▸ **EXERCISE**
Once the line containing "Sande Terrasse 32C" is found, retype it and each line after it through the last entry below, word for word, and nothing else.

[Records from a collection]

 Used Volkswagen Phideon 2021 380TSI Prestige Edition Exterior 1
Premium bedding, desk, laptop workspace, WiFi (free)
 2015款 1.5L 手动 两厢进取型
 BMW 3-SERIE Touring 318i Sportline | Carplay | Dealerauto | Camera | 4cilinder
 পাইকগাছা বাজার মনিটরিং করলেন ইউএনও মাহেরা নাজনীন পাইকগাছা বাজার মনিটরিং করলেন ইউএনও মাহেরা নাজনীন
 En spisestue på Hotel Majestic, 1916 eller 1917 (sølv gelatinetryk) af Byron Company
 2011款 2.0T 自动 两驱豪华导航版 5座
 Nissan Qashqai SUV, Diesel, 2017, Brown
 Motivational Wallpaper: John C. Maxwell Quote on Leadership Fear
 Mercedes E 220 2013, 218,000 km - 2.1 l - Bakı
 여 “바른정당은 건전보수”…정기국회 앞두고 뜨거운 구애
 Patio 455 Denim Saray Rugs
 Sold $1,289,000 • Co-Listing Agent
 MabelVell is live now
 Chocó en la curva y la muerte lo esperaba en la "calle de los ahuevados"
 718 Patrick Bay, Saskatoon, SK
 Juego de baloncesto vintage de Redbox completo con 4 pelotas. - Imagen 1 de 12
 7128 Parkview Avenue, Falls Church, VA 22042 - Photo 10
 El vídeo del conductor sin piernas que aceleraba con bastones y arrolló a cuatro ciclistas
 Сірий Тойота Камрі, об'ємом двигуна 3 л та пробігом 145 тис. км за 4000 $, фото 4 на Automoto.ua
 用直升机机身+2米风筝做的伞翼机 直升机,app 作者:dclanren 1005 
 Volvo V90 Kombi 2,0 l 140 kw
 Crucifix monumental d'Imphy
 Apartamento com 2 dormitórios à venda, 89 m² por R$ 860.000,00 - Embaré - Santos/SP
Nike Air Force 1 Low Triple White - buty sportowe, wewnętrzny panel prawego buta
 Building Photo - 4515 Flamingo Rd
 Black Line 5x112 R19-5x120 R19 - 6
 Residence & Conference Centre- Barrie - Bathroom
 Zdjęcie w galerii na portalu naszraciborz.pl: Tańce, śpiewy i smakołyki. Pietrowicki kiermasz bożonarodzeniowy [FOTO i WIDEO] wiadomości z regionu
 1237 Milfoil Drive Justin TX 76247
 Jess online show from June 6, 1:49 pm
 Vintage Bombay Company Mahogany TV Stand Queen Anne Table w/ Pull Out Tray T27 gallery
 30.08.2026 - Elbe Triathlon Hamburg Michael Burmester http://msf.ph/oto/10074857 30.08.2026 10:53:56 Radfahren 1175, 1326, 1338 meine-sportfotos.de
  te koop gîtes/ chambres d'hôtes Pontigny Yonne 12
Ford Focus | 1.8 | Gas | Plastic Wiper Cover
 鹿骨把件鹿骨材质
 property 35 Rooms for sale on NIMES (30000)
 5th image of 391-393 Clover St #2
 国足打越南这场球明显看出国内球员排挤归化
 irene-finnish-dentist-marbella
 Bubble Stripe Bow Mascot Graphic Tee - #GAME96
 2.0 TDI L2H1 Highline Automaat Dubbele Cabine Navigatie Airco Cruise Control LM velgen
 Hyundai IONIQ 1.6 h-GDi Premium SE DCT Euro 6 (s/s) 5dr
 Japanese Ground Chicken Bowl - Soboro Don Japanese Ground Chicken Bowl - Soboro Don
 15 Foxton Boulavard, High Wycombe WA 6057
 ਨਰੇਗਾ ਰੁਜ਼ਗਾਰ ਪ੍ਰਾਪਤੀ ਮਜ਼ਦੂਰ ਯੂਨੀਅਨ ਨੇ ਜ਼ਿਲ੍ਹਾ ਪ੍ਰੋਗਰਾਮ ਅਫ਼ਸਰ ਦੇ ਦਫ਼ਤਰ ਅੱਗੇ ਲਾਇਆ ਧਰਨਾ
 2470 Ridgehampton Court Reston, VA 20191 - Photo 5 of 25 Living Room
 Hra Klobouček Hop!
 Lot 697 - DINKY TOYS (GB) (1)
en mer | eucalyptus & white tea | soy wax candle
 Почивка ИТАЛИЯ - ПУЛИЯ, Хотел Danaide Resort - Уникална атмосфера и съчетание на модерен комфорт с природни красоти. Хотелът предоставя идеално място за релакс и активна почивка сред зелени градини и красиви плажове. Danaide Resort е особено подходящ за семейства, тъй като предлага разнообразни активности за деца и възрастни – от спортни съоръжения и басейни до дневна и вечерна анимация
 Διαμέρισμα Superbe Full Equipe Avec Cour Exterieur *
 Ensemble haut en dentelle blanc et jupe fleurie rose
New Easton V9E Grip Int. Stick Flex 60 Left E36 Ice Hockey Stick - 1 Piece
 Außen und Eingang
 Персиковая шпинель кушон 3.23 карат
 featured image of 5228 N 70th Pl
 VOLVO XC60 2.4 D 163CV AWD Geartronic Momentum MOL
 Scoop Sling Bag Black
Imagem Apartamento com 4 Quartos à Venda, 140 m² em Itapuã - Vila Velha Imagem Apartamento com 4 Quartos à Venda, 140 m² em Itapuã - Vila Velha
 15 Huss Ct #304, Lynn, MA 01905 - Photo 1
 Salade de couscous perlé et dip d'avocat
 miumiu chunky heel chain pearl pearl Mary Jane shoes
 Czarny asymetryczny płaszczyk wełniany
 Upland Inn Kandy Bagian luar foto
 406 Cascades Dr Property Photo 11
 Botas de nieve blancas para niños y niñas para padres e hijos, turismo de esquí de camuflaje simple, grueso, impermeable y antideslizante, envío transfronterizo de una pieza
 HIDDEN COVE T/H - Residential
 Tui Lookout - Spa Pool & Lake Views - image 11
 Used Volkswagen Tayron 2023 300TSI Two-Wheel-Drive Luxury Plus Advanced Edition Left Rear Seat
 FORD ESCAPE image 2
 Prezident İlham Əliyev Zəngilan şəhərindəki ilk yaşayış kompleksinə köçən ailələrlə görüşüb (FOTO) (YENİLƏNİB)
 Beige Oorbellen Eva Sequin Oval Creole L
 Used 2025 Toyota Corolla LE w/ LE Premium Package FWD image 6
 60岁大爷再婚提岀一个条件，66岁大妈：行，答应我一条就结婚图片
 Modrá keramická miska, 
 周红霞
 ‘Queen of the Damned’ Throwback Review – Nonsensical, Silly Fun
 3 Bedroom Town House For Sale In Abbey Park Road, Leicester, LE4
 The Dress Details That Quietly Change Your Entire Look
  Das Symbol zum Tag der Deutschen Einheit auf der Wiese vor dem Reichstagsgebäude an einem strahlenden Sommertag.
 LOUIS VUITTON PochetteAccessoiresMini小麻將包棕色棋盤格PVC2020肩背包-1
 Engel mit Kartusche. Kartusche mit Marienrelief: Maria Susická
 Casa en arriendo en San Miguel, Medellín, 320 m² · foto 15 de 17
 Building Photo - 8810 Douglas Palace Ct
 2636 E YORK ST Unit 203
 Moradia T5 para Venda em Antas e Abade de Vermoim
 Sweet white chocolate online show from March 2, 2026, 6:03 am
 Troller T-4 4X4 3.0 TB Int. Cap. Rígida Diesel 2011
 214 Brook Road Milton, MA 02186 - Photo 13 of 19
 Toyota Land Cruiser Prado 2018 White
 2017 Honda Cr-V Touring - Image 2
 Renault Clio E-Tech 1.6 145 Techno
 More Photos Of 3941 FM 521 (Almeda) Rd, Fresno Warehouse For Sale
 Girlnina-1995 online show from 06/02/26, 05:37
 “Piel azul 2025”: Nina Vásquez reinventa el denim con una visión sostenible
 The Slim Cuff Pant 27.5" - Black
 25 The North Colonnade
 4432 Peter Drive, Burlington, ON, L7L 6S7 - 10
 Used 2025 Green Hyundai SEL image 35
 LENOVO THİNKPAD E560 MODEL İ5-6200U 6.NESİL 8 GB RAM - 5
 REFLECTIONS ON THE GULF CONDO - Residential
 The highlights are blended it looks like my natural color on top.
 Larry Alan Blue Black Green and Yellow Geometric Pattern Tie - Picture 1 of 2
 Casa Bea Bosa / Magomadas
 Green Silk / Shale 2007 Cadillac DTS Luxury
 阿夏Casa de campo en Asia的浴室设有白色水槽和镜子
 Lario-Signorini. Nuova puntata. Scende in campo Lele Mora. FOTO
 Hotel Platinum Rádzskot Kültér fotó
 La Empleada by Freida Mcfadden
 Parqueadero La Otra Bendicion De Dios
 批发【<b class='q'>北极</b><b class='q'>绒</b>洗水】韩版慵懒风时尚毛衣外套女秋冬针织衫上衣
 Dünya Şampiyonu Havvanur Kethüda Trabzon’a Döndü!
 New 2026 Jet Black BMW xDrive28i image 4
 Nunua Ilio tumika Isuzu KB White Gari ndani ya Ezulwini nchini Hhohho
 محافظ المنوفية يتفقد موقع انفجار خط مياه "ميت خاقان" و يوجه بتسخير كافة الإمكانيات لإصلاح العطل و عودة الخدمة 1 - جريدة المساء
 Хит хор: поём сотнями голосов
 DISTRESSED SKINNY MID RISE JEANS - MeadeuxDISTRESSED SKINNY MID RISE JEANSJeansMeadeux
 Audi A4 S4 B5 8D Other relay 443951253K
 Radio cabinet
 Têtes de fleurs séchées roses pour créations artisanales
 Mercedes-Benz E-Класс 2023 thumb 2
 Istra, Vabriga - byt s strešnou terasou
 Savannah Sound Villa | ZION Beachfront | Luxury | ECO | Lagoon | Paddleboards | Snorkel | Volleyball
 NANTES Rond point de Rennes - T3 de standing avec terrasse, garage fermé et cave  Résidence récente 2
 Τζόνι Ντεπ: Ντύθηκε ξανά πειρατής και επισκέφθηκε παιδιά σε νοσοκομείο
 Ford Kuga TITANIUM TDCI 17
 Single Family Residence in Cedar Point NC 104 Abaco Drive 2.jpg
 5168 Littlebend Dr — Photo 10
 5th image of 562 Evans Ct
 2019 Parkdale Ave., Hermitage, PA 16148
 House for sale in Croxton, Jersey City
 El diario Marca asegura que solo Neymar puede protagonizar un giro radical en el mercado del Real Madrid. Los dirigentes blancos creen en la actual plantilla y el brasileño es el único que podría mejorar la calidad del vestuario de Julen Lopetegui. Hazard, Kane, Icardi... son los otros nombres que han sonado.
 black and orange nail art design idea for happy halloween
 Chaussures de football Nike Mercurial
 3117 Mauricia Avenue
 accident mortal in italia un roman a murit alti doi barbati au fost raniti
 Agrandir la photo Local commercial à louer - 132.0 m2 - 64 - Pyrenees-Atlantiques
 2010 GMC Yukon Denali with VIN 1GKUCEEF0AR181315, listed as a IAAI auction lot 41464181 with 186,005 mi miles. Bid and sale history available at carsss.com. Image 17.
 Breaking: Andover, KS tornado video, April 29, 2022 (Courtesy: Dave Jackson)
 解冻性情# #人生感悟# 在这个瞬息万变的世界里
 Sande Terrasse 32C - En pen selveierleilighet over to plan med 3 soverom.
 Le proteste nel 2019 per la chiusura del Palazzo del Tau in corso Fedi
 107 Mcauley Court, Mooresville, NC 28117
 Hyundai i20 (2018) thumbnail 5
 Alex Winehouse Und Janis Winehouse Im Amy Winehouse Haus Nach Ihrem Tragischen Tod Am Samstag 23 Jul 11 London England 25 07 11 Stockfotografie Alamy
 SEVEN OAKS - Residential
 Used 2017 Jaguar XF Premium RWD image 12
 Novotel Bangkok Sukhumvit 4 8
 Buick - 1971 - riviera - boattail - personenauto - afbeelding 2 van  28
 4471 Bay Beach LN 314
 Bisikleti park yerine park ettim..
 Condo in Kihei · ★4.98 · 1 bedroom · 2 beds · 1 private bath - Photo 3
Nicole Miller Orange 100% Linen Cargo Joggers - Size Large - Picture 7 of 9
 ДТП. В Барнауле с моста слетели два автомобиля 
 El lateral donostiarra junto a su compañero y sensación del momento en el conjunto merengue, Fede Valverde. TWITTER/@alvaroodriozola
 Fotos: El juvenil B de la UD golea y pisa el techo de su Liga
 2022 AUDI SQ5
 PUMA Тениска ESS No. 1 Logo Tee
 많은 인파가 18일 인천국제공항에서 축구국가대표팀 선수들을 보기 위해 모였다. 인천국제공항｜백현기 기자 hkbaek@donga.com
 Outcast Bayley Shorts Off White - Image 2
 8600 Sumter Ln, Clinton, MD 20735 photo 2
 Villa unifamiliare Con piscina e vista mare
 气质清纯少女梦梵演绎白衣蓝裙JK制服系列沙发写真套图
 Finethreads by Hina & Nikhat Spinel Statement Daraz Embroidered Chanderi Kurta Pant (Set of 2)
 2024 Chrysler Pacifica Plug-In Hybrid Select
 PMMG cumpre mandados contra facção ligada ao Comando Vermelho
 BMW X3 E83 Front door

▸ **OUTPUT BELOW**
 Sande Terrasse 32C - En pen selveierleilighet over to plan med 3 soverom.
 Le proteste nel 2019 per la chiusura del Palazzo del Tau in corso Fedi
 107 Mcauley Court, Mooresville, NC 28117
 Hyundai i20 (2018) thumbnail 5
 Alex Winehouse Und Janis Winehouse Im Amy Winehouse Haus Nach Ihrem Tragischen Tod Am Samstag 23 Jul 11 London England 25 07 11 Stockfotografie Alamy
 SEVEN OAKS - Residential
 Used 2017 Jaguar XF Premium RWD image 12
 Novotel Bangkok Sukhumvit 4 8
 Buick - 1971 - riviera - boattail - personenauto - afbeelding 2 van  28
 4471 Bay Beach LN 314
 Bisikleti park yerine park ettim..
 Condo in Kihei · ★4.98 · 1 bedroom · 2 beds · 1 private bath - Photo 3
Nicole Miller Orange 100% Linen Cargo Joggers - Size Large - Picture 7 of 9
 ДТП. В Барнауле с моста слетели два автомобиля 
 El lateral donostiarra junto a su compañero y sensación del momento en el conjunto merengue, Fede Valverde. TWITTER/@alvaroodriozola
 Fotos: El juvenil B de la UD golea y pisa el techo de su Liga
 2022 AUDI SQ5
 PUMA Тениска ESS No. 1 Logo Tee
 많은 인파가 18일 인천국제공항에서 축구국가대표팀 선수들을 보기 위해 모였다. 인천국제공항｜백현기 기자 hkbaek@donga.com
 Outcast Bayley Shorts Off White - Image 2
 8600 Sumter Ln, Clinton, MD 20735 photo 2
 Villa unifamiliare Con piscina e vista mare
 气质清纯少女梦梵演绎白衣蓝裙JK制服系列沙发写真套图
 Finethreads by Hina & Nikhat Spinel Statement Daraz Embroidered Chanderi Kurta Pant (Set of 2)
 2024 Chrysler Pacifica Plug-In Hybrid Select
 PMMG cumpre mandados contra facção ligada ao Comando Vermelho
 BMW X3 E83 Front door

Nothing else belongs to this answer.